Fund managers have shown their support for oil giant BP despite its record $17bn (£11bn) loss in the second quarter.
The group reported the loss this morning and also confirmed Tony Hayward will step down as chief executive in October. He will be replaced by Bob Dudley, who is currently in charge of the Gulf of Mexico oil spill cleanup operation.
However, fund managers say BP has already started to take positive steps to get the business back on track after the disaster.
Tineke Frikkee, manager of the Newton Higher Income fund, has a 7.2% holding in BP. Before the announcement she reassured investors she has been comforted by meetings with senior management as well as the suppliers to the leaking Macondo oil well.
"The political rhetoric surrounding the leak appears to have eased a little, with the US administration acknowledging that it is in nobody's interest to see BP fail.
"Meanwhile, our concerns have been eased by a number of factors; the phasing of the liability payments, the current assumptions on the likely cost of the incident, its asset disposal programme and continuing strong underlying cash generation of the business."
BP has suspended its dividend until the fourth quarter of this year, and the firm plans to review the situation in February next year, but this has not deterred Frikkee.
"These factors, coupled with the strong commitment to deliver future dividends, have led us to retain BP within the fund in anticipation of the early resumption of its dividend stream," she says.
Other managers say the BP's new chiefs should focus on getting the company back on track from a growth perspective rather than concentrating on when shareholders will next receive a dividend.
Philip Haworth, investment manger on the UK equity desk at Aegon, says although £11bn is a "shocking number" it was not a surprise and reflects what the market already knows - an oil spill is "a costly event".
However, he adds, when it is compared to the value wiped off BP's market capitalisation, it is significantly less.
"The share price is overly discounting what the cost to BP will be.

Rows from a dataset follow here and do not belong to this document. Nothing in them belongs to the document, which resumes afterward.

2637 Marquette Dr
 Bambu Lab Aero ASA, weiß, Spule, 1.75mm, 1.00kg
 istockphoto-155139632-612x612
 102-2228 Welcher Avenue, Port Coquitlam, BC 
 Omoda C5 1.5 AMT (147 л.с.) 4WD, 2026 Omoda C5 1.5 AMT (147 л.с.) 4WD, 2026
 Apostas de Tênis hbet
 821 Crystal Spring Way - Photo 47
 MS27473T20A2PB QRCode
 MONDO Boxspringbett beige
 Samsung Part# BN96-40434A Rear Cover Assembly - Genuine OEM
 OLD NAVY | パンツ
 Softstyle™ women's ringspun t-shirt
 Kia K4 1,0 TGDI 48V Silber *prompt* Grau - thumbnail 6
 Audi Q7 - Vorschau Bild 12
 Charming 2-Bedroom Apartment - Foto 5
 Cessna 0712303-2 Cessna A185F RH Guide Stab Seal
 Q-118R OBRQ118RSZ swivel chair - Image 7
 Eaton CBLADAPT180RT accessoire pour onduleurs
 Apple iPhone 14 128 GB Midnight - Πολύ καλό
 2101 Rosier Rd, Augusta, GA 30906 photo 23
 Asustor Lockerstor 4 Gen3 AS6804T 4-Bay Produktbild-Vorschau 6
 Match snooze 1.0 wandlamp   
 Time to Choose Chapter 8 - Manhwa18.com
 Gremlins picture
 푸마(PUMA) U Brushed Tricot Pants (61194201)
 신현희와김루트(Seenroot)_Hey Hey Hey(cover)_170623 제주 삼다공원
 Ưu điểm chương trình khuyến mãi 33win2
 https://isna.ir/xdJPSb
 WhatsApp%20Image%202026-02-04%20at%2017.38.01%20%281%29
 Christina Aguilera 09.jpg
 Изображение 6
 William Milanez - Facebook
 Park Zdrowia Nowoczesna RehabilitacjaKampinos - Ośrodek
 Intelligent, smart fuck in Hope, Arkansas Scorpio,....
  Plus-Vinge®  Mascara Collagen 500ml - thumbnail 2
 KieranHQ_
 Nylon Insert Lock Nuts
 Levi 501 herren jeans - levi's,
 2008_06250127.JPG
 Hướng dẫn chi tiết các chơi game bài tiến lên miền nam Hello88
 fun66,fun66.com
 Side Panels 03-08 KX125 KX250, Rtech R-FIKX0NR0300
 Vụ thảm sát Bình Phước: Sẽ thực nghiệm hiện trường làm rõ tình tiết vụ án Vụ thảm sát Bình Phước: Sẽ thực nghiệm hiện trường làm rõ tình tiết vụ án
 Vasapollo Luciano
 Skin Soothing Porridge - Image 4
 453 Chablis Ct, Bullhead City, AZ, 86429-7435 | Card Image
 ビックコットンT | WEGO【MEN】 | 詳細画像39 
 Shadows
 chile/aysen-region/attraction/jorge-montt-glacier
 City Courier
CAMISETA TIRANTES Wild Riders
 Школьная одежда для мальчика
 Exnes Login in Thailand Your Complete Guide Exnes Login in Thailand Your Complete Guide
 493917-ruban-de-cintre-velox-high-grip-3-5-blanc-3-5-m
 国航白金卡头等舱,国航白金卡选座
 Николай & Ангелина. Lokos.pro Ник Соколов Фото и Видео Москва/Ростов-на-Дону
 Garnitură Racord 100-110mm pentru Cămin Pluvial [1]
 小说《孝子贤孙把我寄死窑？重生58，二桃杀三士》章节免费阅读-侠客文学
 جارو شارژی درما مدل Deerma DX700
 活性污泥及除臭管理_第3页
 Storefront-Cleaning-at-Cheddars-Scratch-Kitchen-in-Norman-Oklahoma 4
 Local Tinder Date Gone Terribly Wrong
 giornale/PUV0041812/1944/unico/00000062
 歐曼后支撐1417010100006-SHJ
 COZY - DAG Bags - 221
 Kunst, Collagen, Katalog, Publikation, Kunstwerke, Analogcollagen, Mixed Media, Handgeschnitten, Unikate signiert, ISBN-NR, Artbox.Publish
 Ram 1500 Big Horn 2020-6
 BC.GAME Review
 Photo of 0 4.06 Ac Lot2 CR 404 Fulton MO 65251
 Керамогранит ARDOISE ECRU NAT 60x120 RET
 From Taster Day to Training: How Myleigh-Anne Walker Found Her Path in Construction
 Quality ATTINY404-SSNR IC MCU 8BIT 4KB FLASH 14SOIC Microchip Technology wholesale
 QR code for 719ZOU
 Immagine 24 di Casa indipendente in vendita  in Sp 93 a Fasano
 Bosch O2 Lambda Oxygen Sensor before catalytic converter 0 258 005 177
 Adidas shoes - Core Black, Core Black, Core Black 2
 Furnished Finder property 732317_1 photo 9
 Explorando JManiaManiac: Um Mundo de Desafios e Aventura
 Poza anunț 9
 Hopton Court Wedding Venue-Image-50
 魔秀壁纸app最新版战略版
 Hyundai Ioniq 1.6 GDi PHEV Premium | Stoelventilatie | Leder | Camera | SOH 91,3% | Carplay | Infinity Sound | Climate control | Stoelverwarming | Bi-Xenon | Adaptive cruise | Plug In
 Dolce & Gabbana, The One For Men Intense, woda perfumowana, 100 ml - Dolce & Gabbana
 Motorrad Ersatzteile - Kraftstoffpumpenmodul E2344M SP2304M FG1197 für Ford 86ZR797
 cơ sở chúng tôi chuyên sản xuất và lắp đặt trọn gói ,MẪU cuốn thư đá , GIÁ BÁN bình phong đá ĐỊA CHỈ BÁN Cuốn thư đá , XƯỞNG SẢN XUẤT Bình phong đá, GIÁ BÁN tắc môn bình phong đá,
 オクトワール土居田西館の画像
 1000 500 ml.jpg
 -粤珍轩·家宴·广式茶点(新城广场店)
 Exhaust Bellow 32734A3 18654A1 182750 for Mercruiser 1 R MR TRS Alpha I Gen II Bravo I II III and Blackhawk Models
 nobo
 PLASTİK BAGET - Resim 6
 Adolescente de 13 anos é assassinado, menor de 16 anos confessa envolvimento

We still think there is value there; there is some upside reflecting a more balanced view," he adds.
The Aegon UK Equity Income fund has 5.7% in BP, which is 80 basis points more than the index weighting.
Haworth hopes new chief executive Dudley will focus on generating value for shareholders through whatever means necessary, and says "selling assets is an interesting proposition".
"Already 2% of the resources have been sold for 6% of the market value so there is an opportunity to sell assets at a considerably higher value than discounted in the share price."
Michael Crawford, manager of the LV= UK Growth fund, thinks shrinking the company by $30bn is positive as although it reduces the size of BP, it will be more likely to achieve growth. He agrees the new management should not be so concerned with dividends but on getting the company back into shape.
Meanwhile, Paul Casson, manager of the Henderson Horizon Pan European Alpha fund, says the underlying results released today were strong and calls BP "a highly profitable and cash generative business".
"The provision for the associated costs of the Macondo well explosion totalled $32.2bn. We believe this is a sufficient and realistic amount and note BP's partners on the well (Anadarko of the US and Mitsui of the Japan) will, in due course, have to pay their share of the associated costs," he adds.
He also points to the asset disposal plans as a positive factor: "BP is now targeting $30bn of disposals over the next 18 months, of which it has so far done $7bn. The valuation achieved on the first $7bn was materially ahead of the book value of the assets sold, demonstrating the latent value in the asset base."